* **PROVIDED MATERIAL**
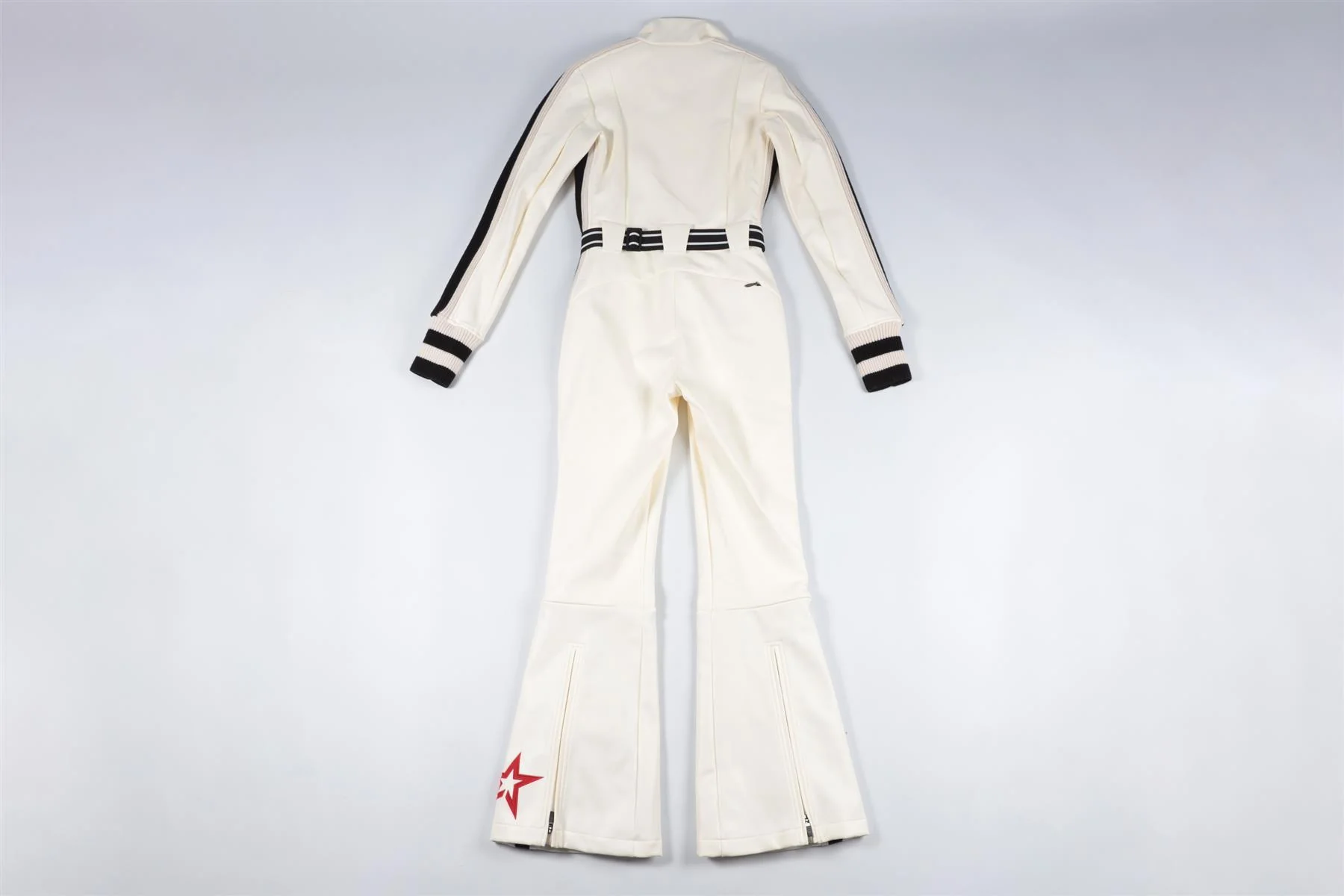 PERFECT MOMENT IVORY FAUX LEATHER SKI SUIT SMALL - Image 4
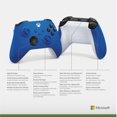 thumbnail image 3 of Microsoft QAU-00065 Manette Sans Fil Édition Spéciale Xbox Bleu Choc 2 Pack, 3 of 5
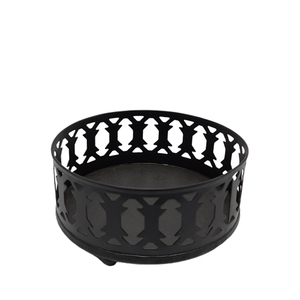 <b>Small</b> Size Round Shape Medium Size Metal <b>Candle</b> Votive in Black Color for Home & Wedding Tabletop Decor Customized - Product Image 2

* **GOAL OF THE EXERCISE**
Print the full listing above exactly. Pictures stay out of the copy.

* **SOLUTION FOR THIS EXERCISE**
 PERFECT MOMENT IVORY FAUX LEATHER SKI SUIT SMALL - Image 4
 thumbnail image 3 of Microsoft QAU-00065 Manette Sans Fil Édition Spéciale Xbox Bleu Choc 2 Pack, 3 of 5
 <b>Small</b> Size Round Shape Medium Size Metal <b>Candle</b> Votive in Black Color for Home & Wedding Tabletop Decor Customized - Product Image 2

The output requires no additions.